Extracted data entries —
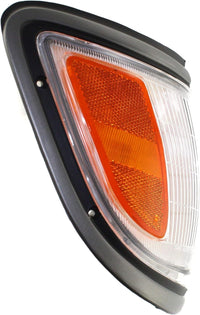 Set Of 2 Front Corner Light Assembly With Primed Trim Right Passenger & Left Driver Side Direct Replacement Compatible With 1995-1996 Toyota Tacoma TO2521141 TO2520141 8161004010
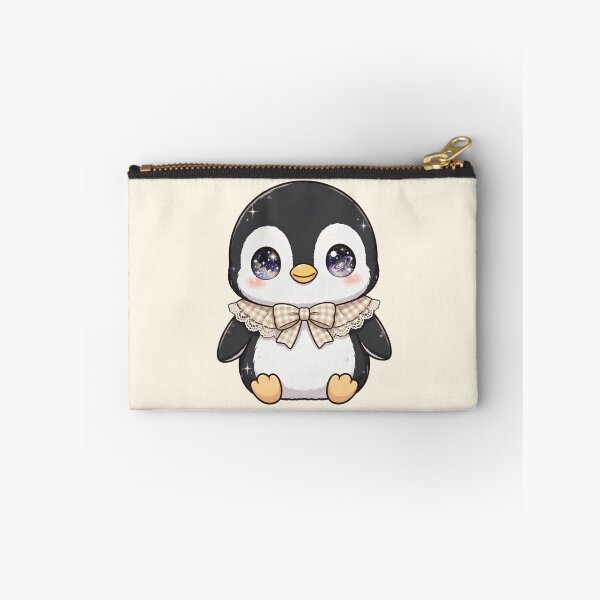 Item preview, Cute penguin with beige checkered bow tie designed and sold by priyankajustine.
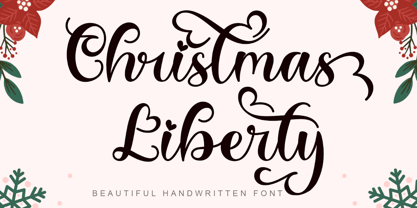 Christmas Liberty Font Poster 1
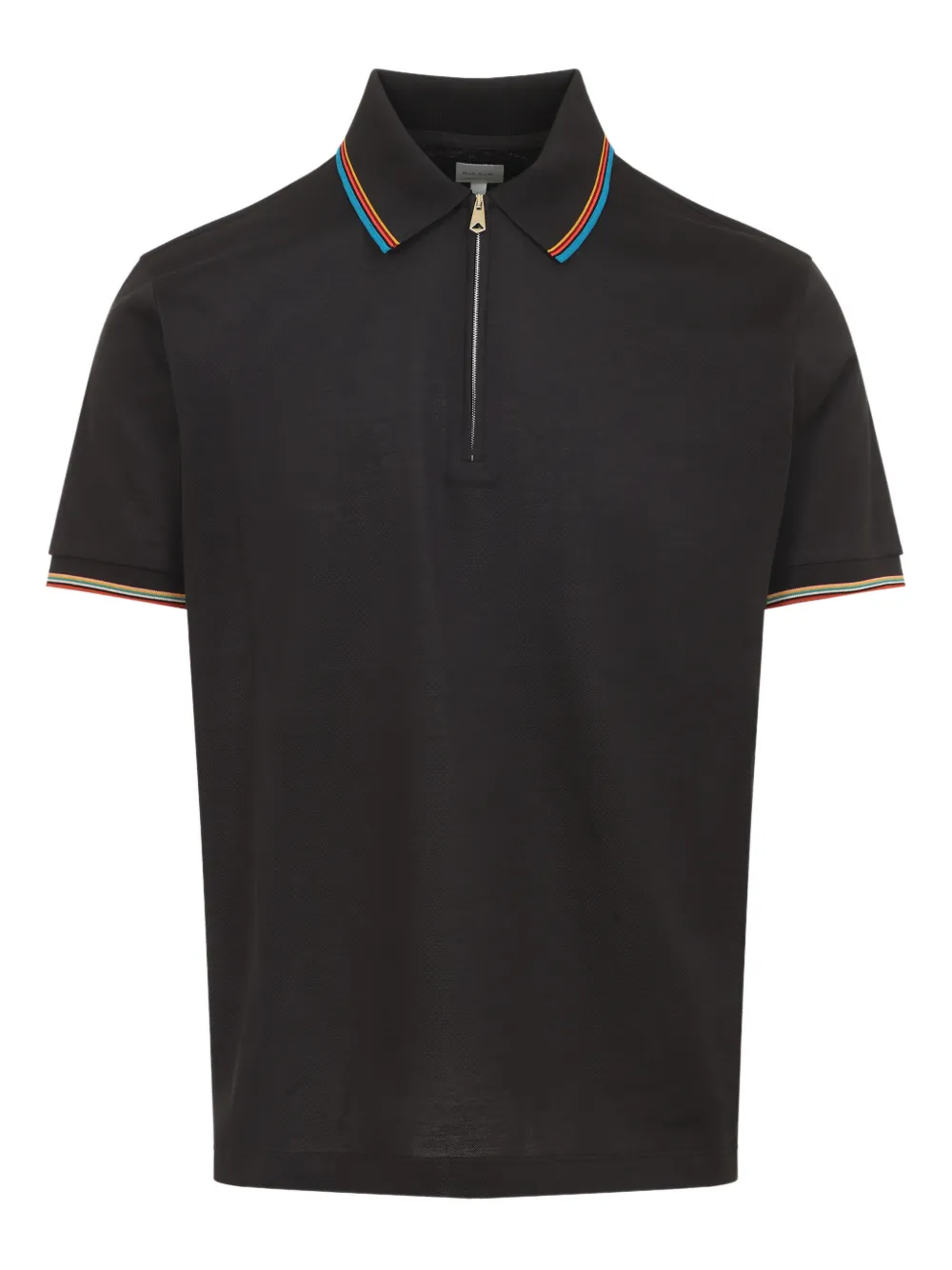 

Поло на молнии Paul Smith, черный
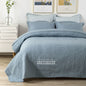 Embroidered Quilted Bedspread Set, Cotton 3 Piece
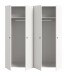 Kleiderschrank >Darwin< in Weiß - 160x176x51cm (BxHxT)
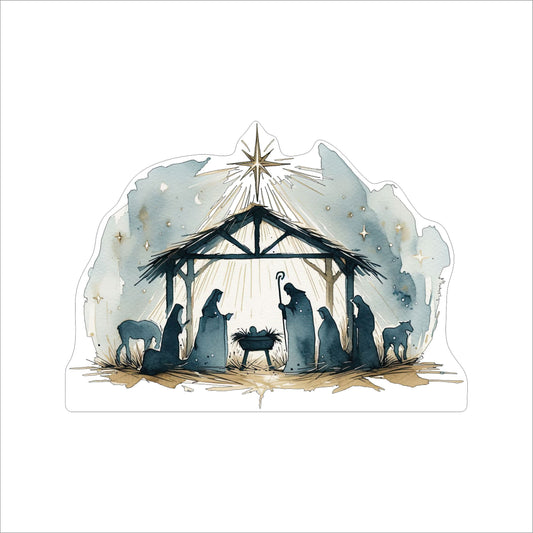 AND-045 Navy Nativity | 0.50Acrylic Mini |
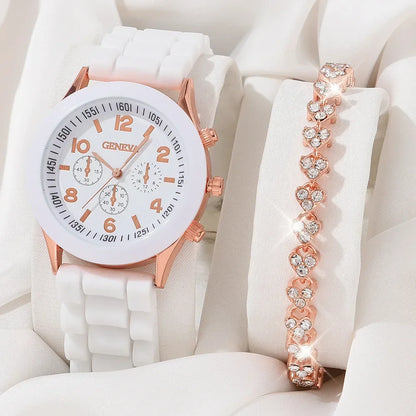 5/2PCS Luxury Watch & Jewelry Set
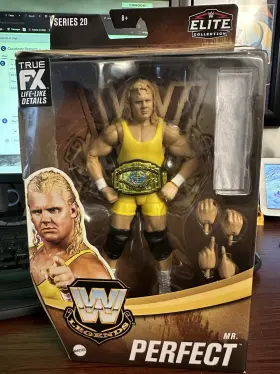 HLP56 WWE Elite Mr Action Figure Mattel Curt Hennig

WHAT THE TASK REQUIRES —
The copy you produce must match the entries above exactly, except that it has no pictures.

EXERCISE OUTPUT —
 Set Of 2 Front Corner Light Assembly With Primed Trim Right Passenger & Left Driver Side Direct Replacement Compatible With 1995-1996 Toyota Tacoma TO2521141 TO2520141 8161004010
 Item preview, Cute penguin with beige checkered bow tie designed and sold by priyankajustine.
 Christmas Liberty Font Poster 1

Поло на молнии Paul Smith, черный
 Embroidered Quilted Bedspread Set, Cotton 3 Piece
 Kleiderschrank >Darwin< in Weiß - 160x176x51cm (BxHxT)
 AND-045 Navy Nativity | 0.50Acrylic Mini |
 5/2PCS Luxury Watch & Jewelry Set
 HLP56 WWE Elite Mr Action Figure Mattel Curt Hennig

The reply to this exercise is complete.